— ASSIGNMENT —
In the records below, take the line containing "Romantic curtain 100X140cm" and every line following it, and write them out exactly.
+ + + + +
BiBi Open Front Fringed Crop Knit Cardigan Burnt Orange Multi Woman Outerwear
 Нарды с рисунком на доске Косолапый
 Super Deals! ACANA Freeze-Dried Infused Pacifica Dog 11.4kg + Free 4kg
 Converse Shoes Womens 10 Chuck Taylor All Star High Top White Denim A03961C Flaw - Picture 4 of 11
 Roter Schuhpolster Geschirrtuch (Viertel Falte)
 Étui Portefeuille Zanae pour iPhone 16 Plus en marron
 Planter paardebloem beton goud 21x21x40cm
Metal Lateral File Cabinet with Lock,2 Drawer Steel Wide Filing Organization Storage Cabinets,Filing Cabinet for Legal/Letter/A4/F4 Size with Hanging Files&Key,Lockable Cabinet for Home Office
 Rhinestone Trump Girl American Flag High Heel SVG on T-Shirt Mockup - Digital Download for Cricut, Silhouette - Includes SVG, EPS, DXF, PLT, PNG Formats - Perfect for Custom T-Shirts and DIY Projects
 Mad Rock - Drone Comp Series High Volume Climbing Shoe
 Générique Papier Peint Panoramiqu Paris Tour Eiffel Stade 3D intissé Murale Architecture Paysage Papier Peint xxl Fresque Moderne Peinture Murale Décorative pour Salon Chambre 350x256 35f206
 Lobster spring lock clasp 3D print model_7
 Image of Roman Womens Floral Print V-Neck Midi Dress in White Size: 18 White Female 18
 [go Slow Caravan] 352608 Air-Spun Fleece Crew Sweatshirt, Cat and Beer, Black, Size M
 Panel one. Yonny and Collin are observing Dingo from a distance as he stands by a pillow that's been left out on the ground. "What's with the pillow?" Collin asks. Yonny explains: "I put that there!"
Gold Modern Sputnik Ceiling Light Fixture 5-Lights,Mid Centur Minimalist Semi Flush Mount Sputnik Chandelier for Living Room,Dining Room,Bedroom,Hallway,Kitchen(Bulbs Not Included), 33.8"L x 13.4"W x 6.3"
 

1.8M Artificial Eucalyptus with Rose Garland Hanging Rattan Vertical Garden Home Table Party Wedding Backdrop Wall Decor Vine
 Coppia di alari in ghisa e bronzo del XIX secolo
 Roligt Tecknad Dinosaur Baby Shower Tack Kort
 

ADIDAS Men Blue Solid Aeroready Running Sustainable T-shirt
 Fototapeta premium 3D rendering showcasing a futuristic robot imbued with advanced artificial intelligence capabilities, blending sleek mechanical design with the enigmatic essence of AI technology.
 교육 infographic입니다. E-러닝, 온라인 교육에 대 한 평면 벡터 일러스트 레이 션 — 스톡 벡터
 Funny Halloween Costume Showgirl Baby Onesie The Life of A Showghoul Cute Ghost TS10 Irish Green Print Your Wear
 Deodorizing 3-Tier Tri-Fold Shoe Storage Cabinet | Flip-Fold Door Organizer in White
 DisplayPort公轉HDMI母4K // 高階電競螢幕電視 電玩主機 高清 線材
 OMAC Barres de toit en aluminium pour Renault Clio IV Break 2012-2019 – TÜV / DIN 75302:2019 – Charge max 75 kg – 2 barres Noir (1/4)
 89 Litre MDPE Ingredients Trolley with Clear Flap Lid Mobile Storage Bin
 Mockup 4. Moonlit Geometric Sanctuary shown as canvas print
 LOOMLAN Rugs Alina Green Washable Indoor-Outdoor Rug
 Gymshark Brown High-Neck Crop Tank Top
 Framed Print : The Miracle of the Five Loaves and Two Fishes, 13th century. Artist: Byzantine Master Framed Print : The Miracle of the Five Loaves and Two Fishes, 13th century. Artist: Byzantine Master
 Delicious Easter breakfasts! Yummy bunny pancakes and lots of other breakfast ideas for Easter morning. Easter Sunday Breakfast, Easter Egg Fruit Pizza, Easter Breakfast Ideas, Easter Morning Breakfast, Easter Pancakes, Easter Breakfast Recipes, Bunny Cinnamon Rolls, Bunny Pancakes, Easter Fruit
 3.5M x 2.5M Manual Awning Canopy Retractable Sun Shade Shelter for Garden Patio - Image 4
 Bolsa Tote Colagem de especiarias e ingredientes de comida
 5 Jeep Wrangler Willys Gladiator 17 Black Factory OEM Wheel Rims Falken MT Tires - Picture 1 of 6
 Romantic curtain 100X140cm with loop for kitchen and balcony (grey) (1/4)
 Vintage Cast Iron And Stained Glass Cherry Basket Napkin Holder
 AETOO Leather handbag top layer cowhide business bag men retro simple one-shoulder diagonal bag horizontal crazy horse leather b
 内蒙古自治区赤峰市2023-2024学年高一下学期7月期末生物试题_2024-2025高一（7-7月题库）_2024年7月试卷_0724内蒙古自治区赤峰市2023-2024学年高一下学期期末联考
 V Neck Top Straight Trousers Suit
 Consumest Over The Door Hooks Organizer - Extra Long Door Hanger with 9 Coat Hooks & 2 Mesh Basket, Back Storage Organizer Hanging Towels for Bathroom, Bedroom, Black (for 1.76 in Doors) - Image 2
+ + + + +
— TASK OUTPUT —
 Romantic curtain 100X140cm with loop for kitchen and balcony (grey) (1/4)
 Vintage Cast Iron And Stained Glass Cherry Basket Napkin Holder
 AETOO Leather handbag top layer cowhide business bag men retro simple one-shoulder diagonal bag horizontal crazy horse leather b
 内蒙古自治区赤峰市2023-2024学年高一下学期7月期末生物试题_2024-2025高一（7-7月题库）_2024年7月试卷_0724内蒙古自治区赤峰市2023-2024学年高一下学期期末联考
 V Neck Top Straight Trousers Suit
 Consumest Over The Door Hooks Organizer - Extra Long Door Hanger with 9 Coat Hooks & 2 Mesh Basket, Back Storage Organizer Hanging Towels for Bathroom, Bedroom, Black (for 1.76 in Doors) - Image 2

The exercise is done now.